--- Excerpted records Enclosed Below ---

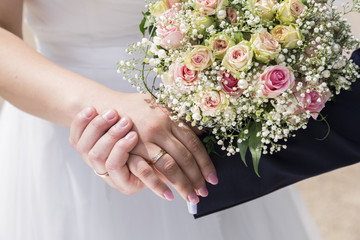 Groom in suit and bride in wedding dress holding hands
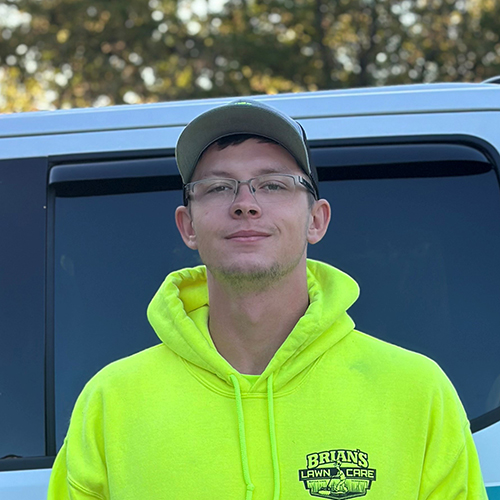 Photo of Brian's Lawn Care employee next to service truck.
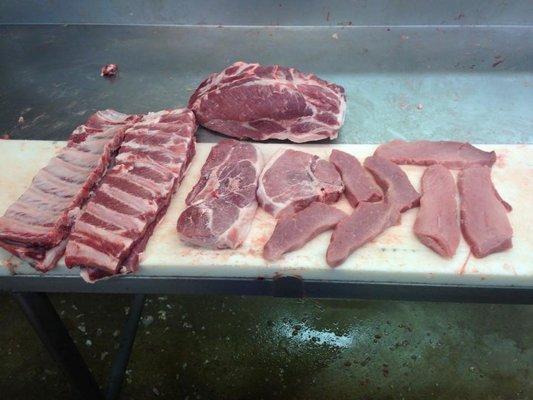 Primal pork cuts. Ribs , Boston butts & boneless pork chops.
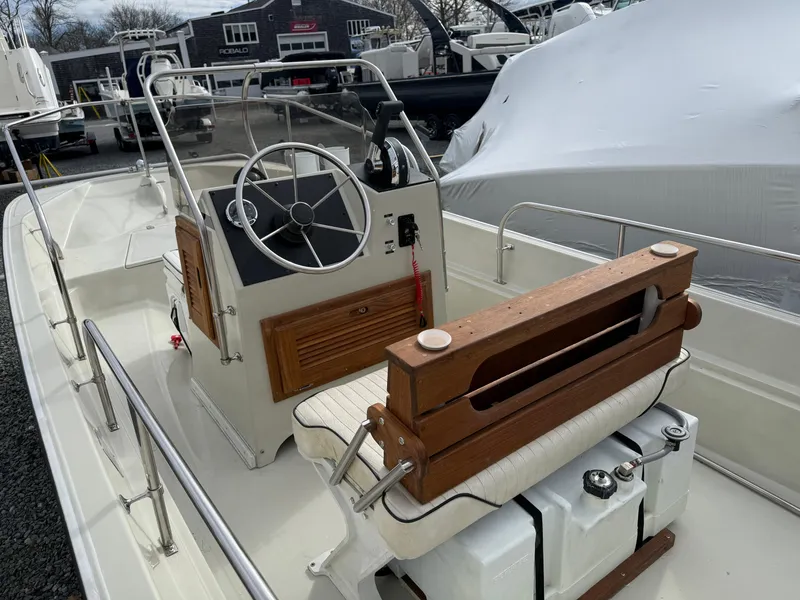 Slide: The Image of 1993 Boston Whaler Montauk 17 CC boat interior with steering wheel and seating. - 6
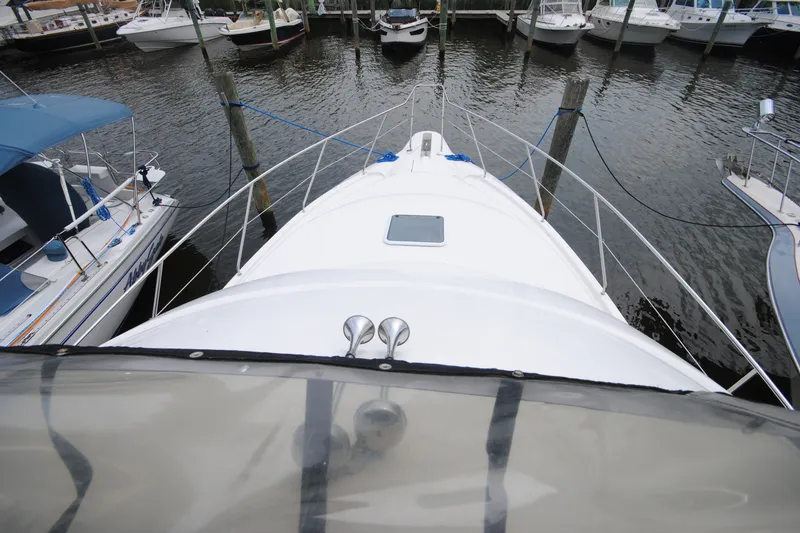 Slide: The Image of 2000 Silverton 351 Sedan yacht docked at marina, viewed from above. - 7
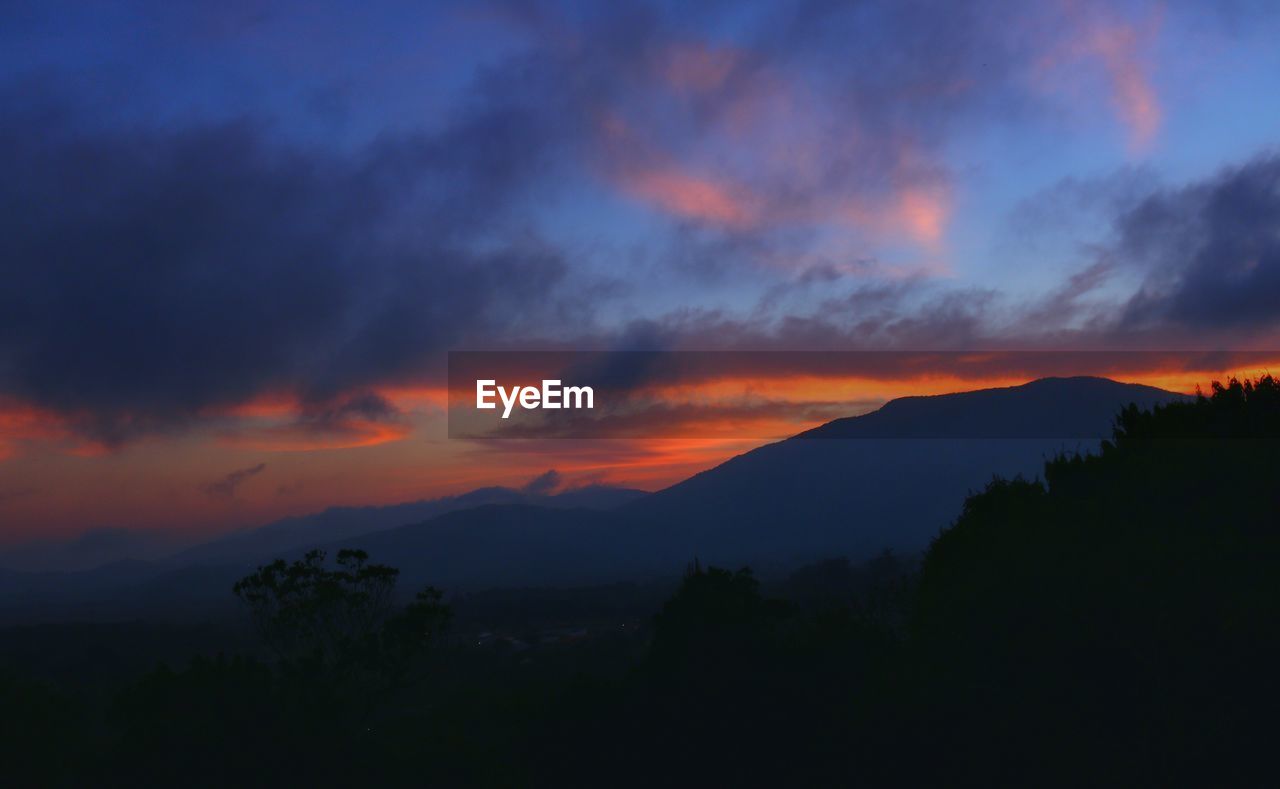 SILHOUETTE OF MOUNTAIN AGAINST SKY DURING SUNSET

--- End of Enclosed Excerpted records ---

Starting with the top line, write out all the data above exactly; keep the pictures out.

 Groom in suit and bride in wedding dress holding hands
 Photo of Brian's Lawn Care employee next to service truck.
 Primal pork cuts. Ribs , Boston butts & boneless pork chops.
 Slide: The Image of 1993 Boston Whaler Montauk 17 CC boat interior with steering wheel and seating. - 6
 Slide: The Image of 2000 Silverton 351 Sedan yacht docked at marina, viewed from above. - 7
 SILHOUETTE OF MOUNTAIN AGAINST SKY DURING SUNSET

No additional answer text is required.